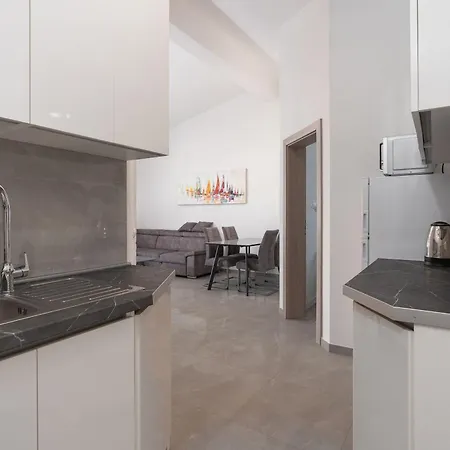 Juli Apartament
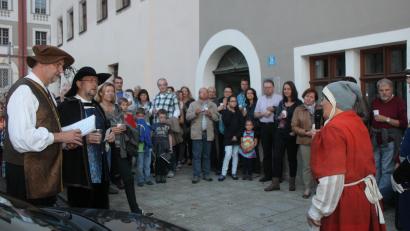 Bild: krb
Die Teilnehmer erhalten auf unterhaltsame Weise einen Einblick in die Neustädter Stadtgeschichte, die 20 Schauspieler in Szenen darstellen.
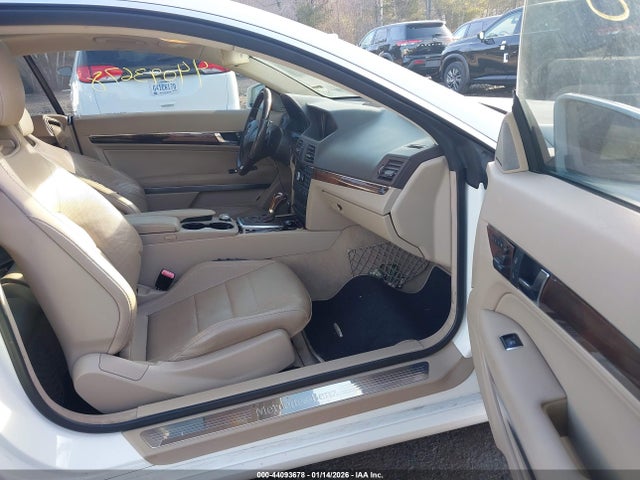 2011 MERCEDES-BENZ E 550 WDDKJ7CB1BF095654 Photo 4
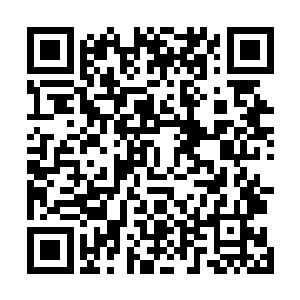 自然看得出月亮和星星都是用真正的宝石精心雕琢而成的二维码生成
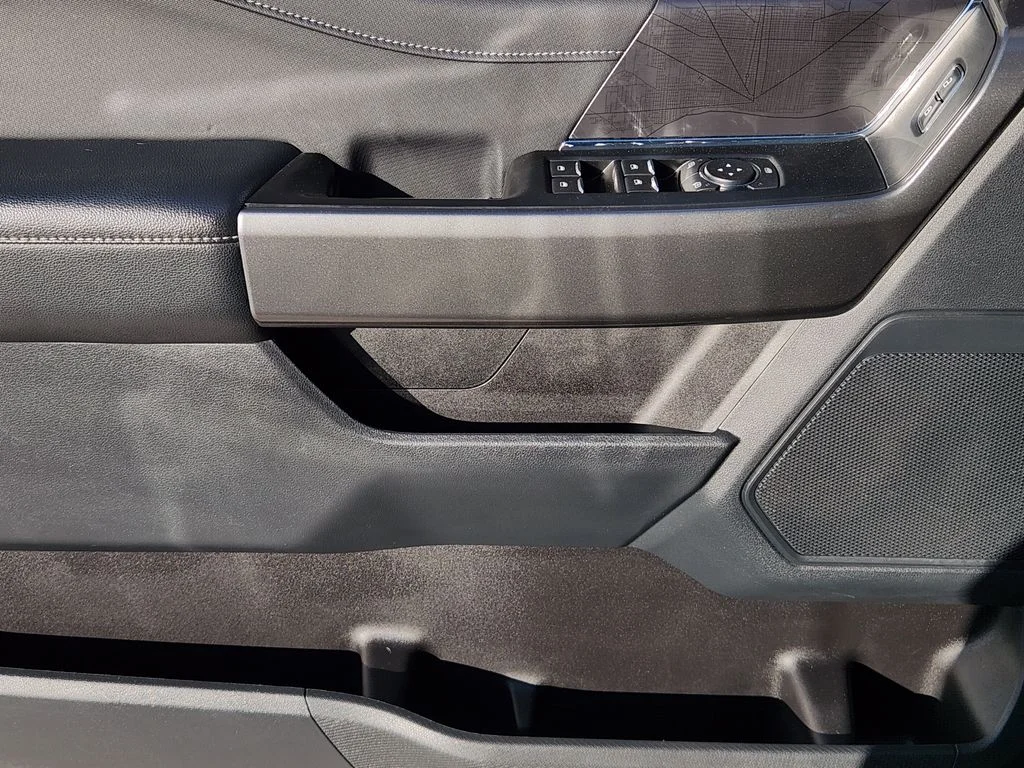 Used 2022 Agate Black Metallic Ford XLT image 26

— Task instructions —
Since the pictures are not wanted, set down only the rest of each record, exactly as above.

— Result below —
 Juli Apartament
 Bild: krb
Die Teilnehmer erhalten auf unterhaltsame Weise einen Einblick in die Neustädter Stadtgeschichte, die 20 Schauspieler in Szenen darstellen.
 2011 MERCEDES-BENZ E 550 WDDKJ7CB1BF095654 Photo 4
 自然看得出月亮和星星都是用真正的宝石精心雕琢而成的二维码生成
 Used 2022 Agate Black Metallic Ford XLT image 26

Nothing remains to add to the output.